Task prompt
Each line from the one containing "Charizard GX SM211" through the end of the data must be retyped exactly, and no other line.

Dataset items

********************

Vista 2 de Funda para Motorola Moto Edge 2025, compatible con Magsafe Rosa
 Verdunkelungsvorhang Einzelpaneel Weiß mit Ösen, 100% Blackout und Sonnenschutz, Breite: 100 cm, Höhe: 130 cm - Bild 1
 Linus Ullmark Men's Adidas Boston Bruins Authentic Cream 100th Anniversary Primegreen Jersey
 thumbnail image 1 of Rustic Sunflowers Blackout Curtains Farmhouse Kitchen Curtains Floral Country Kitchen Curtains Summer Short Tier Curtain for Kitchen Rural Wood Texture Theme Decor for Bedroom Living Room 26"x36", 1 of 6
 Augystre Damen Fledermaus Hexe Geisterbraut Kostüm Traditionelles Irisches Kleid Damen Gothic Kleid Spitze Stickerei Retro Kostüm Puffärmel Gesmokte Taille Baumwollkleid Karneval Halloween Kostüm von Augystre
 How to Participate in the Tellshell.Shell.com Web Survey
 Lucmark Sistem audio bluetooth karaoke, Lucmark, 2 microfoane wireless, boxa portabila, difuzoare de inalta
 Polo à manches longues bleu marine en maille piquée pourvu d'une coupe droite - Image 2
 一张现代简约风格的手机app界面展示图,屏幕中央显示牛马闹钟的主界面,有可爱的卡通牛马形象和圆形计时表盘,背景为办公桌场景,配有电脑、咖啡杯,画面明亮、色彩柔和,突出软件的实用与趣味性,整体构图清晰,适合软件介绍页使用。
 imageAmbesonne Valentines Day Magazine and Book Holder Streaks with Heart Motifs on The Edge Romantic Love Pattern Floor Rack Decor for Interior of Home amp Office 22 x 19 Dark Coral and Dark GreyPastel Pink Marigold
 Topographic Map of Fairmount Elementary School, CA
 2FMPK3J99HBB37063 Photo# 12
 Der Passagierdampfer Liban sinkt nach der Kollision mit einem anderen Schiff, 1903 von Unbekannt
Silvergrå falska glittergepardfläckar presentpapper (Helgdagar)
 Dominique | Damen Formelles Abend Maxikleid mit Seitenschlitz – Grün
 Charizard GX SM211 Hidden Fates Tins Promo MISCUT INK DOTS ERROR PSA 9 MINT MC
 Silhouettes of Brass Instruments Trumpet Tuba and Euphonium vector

********************

Output for this exercise
 Charizard GX SM211 Hidden Fates Tins Promo MISCUT INK DOTS ERROR PSA 9 MINT MC
 Silhouettes of Brass Instruments Trumpet Tuba and Euphonium vector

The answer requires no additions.